North Yorkshire's director of public health reminds Scarborough parents children must self isolate if required as Covid cases rise

Parents in Scarborough have been reminded that they have a legal duty to ensure their children isolate if required as Covid cases in the borough continue to rise.

Wednesday, 30th June 2021, 12:07 pm
Updated Wednesday, 30th June 2021, 12:08 pm

Louise Wallace North Yorkshire’s director of public health, said that staying at home when required was “absolutely key” as two schools in Scarborough remain closed due to outbreaks.

Graham School and Scarborough Sixth Form College, which have more than 2,000 students between them, will be shut until next week after a number of cases were detected using Lateral Flow Tests.

The Gallows Close Centre, a community group for young people in Scarborough , announced last week it was also closing for 10 days after it was made aware that children who should be isolating were mixing with those using its services.

Stock image, child remote learning at home.
Stock image, child remote learning at home.

Mrs Wallace told a briefing of the North Yorkshire Local Resilience Forum today that: “Isolation is absolutely key.

“We all need to do the full 10-day isolation period for positive cases or contact and I would absolutely urge everybody to do that.

“It is a legal duty to do so, you are required to do so in order to manage the coronavirus across the whole of the country.

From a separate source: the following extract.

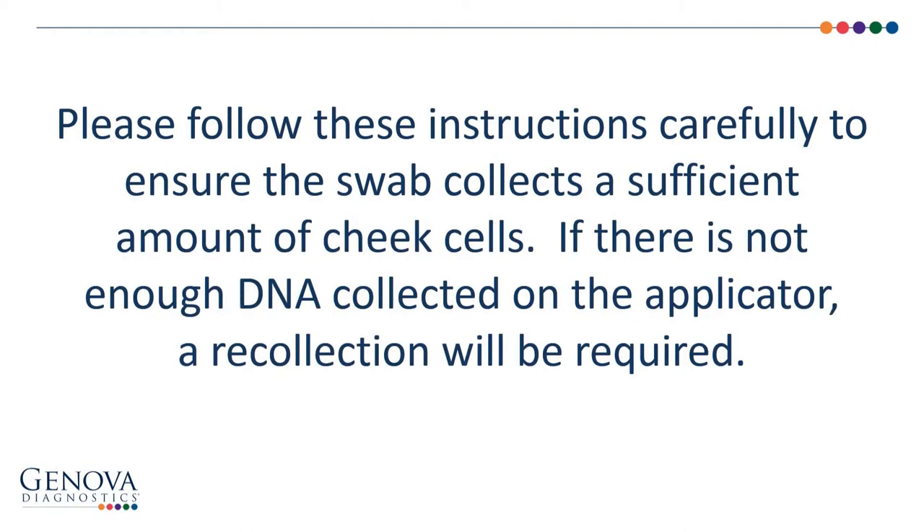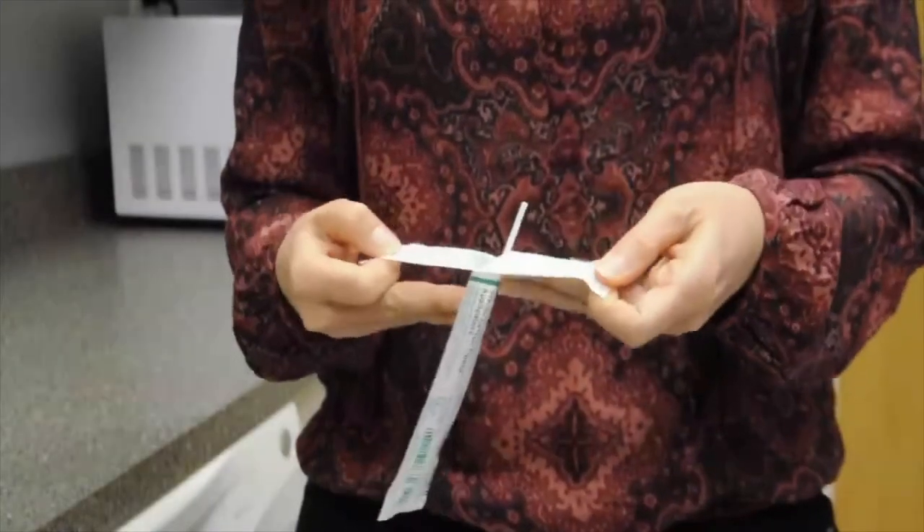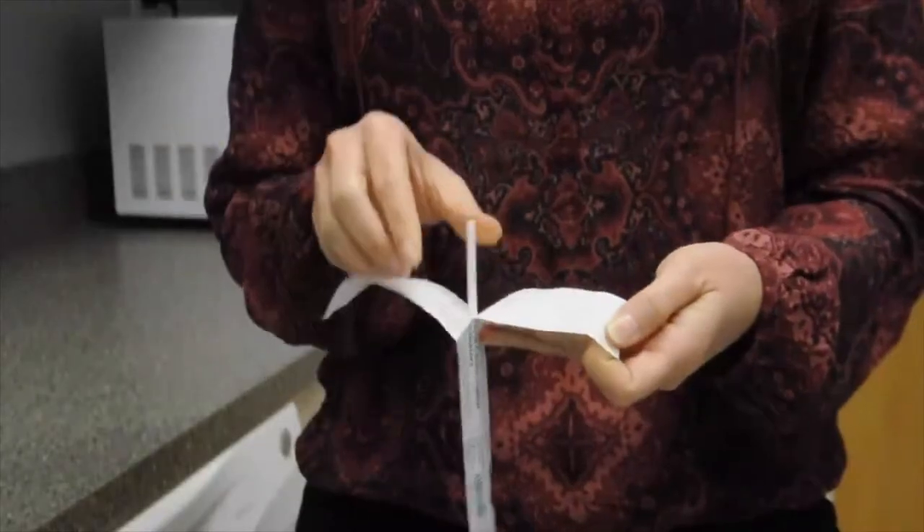Please follow these instructions carefully to ensure the swab collects a sufficient amount of cheek cells. If there is not enough DNA collected on the applicator, a recollection will be required. Begin by slightly peeling open the package labeled 'sterile cotton tipped applicator.'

“So parents, please ensure that your children fully isolate and make sure that anybody who has a case or is a contact of coronavirus does isolate accordingly.

“Please do not spread the virus, please do all the right things and protect yourselves, your families and communities, you must self isolate for the full isolation period.”

Scarborough seven day infection rate per 100,00 people has jumped up to 138 with 150 new cases recorded in the last week alone. The borough had previously been averaging around 30 new cases per week.

Mrs Wallace said that people should remain on their guard against the virus, especially with the Delta variant spreading.

She said: “We have obviously got outbreaks in educational settings but we have got sustained community transmission as well and we have got household spread.

“I think the rising rates that we are seeing and the transmissibility of variants that we have now got across the county means that we are seeing multiple sources of infection.”